Remembering Buddy Holly, the day the music died
LUBBOCK, Texas (KCBD) - Decades after his death Lubbock residents celebrate Buddy Holly’s 86th birthday.
“He put Lubbock and West Texas on the map,” Sebastian Forbush with the Buddy Holly Center said.
With notes on a page and performances seen around the world, Buddy Holly brought fame to the Hub City. Now, 63 years after the day music died, murals, street signs, and statues ensure Buddy’s influence will “not fade away.”
“To keep his memory alive,” Forbush said. “To keep people talking about him. So all the stuff that he had doesn’t get lost to time.”
His impact was felt by more than just his hometown of Lubbock. Some of the greatest bands of all time modeled parts of their own sound around Buddy’s one-of-a-kind style.
“He really was a musical pioneer,” Forbush said. “He was always looking for that next thing. He was so influential to other musicians. The Beatles, The Rolling Stones, big names that everyone knows.”
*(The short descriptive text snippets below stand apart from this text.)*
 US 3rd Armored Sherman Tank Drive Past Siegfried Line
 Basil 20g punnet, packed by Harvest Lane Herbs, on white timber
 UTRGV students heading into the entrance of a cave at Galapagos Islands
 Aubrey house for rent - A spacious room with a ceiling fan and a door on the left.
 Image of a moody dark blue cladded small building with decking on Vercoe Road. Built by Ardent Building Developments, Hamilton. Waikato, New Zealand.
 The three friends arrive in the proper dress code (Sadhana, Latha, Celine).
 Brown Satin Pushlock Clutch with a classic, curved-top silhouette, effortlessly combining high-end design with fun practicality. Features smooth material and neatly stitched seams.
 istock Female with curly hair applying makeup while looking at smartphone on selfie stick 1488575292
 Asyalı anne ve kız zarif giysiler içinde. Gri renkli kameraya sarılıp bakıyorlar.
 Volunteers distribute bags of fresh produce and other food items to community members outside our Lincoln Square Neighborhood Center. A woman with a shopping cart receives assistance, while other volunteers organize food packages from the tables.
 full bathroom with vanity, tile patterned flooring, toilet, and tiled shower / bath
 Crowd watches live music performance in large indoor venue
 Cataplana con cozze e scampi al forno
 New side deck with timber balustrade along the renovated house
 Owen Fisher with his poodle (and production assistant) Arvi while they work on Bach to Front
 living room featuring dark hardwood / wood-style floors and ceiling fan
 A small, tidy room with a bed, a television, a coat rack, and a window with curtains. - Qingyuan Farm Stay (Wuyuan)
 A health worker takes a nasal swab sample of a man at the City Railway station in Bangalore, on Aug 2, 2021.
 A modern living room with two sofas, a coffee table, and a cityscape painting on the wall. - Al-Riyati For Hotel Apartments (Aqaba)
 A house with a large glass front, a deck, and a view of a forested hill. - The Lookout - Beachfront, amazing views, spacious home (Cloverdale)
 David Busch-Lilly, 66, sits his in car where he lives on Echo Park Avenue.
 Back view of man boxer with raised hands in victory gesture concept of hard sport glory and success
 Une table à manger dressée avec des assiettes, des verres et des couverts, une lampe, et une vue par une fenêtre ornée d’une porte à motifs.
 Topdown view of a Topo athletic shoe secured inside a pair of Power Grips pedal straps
Decades after that fateful February flight, musicians are still influenced by Buddy’s music. One of them being his nephew, Eddy Weir, who performed at the Buddy Holly Center’s Birthday Bash.
“We’re so proud of Buddy,” Weir said. “What he did for music worldwide, and it took a long time for us to realize how famous he was going to be.”
Weir says it was another world-famous band that opened his eyes to how great of a musician his uncle was.
“I was kind of a Beatles fan,” Weir said. “Then I found out The Beatles were a Buddy Holly fan. That kind of made me realize how important he really was.”
Buddy Holly’s death in a plane crash in 1959 changed the music industry forever. He was only 22 years old. 20 years later he was the first inductee for the inaugural West Texas Walk of Fame. His statue stands in front of the monument on 19th street and Crickets Avenue — another testament to his band and the legacy he leaves behind.